On a judgment roll appeal, our review is limited to errors appearing on the face of the record. (Nielsen v. Gibson (2009) 178 Cal.App.4th 318, 324-325.)

We presume a judgment of the lower court is correct. Where, as here, the appeal is on the judgment roll alone, the question of the sufficiency of the evidence to support the findings of the trial court is not open. Instead, we conclusively presume the evidence supports the findings. The only remaining questions are the sufficiency of the pleadings and whether the findings support the judgment. (Taylor v. Nu Digital Marketing, Inc. (2016) 245 Cal.App.4th 283, 287-288.)
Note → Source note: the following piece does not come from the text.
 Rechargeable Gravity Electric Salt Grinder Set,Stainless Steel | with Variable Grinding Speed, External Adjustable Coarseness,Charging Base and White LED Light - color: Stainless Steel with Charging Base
The record given to us does not contain the pleadings, which would ordinarily be required for a judgment roll appeal. Because the pleadings are not in the appellate record, the sufficiency of the pleadings is not open to question.

Second, it is the appellant’s burden to demonstrate error. (Ruelas v. Superior Court (2015) 235 Cal.App.4th 374, 383.) To do so, an appellant must present meaningful legal analysis supported by citations to authority and citations to facts in the record that support the claim of error. Mere suggestions of error and conclusory claims of error will fail. (Multani v. Witkin & Neal (2013) 215 Cal.App.4th 1428, 1457; see also Cal. Rules of Court, rules 8.204(a)(1) and 8.204(a)(2).) Kelly’s brief does not comply with this requirement. It contains no citations to the record. In addition, it makes factual assertions unsupported by the minimal record we have.
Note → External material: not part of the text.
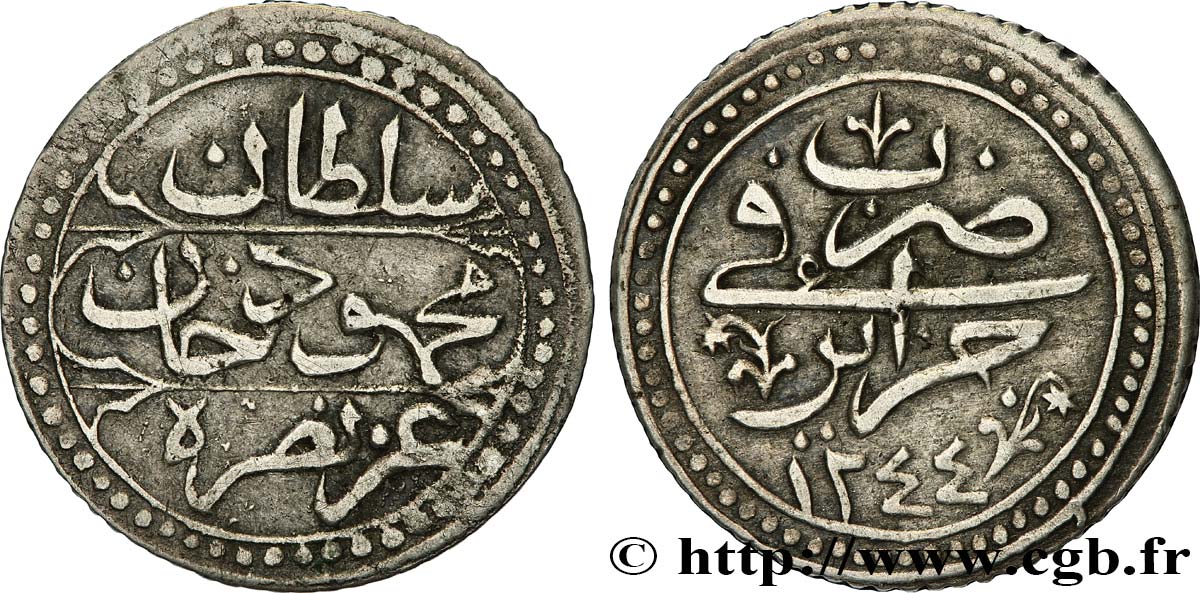 ALGERIA 1/4 Budju au nom de Mahmud II an 1244 1828  XF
Third, the appellant has the burden of providing an adequate record, which is to say a record that demonstrates the claimed error. If an appellant provides an inadequate record to resolve an issue on appeal, or fails to cite to the record, we may treat the issue as forfeited by the appellant. (Cal. Rules of Court, rule 8.204(a)(1)(C); Hotels Nevada, LLC v. L.A. Pacific Center, Inc. (2012) 203 Cal.App.4th 336, 348.) Kelly’s appeal fails this standard.

Finally, Kelly’s brief does not support claims of error with meaningful argument and citation to authority. (Allen v. City of Sacramento (2015) 234 Cal.App.4th 41, 52.)

In sum, Kelly’s appellate submissions do not meet his burden on appeal.

We acknowledge parties representing themselves have more limited understanding of the rules on appeal than do experienced appellate attorneys. We strive to avoid applying technical rules of procedure in a manner that deprives a party of a hearing. Mere self-representation, however, is not a ground for exceptionally lenient treatment. (Rappleyea v. Campbell (1994) 8 Cal.4th 975, 984-985.)

Kelly’s deficient brief and failure to provide an adequate appellate record prevent Stout from responding meaningfully to Kelly’s claims of error. Stout’s opposition brief noted the deficiencies in Kelly’s opening brief and asked we deem Kelly’s argument forfeited on appeal. Kelly did not file a reply brief in response or request the opportunity to file a satisfactory opening brief. Even were we to excuse Kelly’s failure to comply with rules of appellate procedure, we have no basis for resolving his claims.

Accordingly, we presume the judgment is correct and affirm. (Taylor v. Nu Digital Marketing, Inc., supra, 245 Cal.App.4th at pp. 287-288.)

DISPOSITION

The judgment is affirmed. Stout is to recover his costs on appeal.

WILEY, J.*

We concur:

PERLUSS, P. J. SEGAL, J.


* Judge of the Los Angeles Superior Court, assigned by the Chief Justice pursuant to article VI, section 6 of the California Constitution.





Description George Stout bought investment coins from Stephen Kelly and his company, Global Crossroads, Inc. Stout sued Kelly and Global Crossroads, Inc. for fraud, breach of fiduciary duty and unfair competition, among other things. After a court trial, the court entered judgment in favor of Stout and against Kelly and Global Crossroads, Inc. in the amount of $176,361.01. Kelly appeals. We affirm.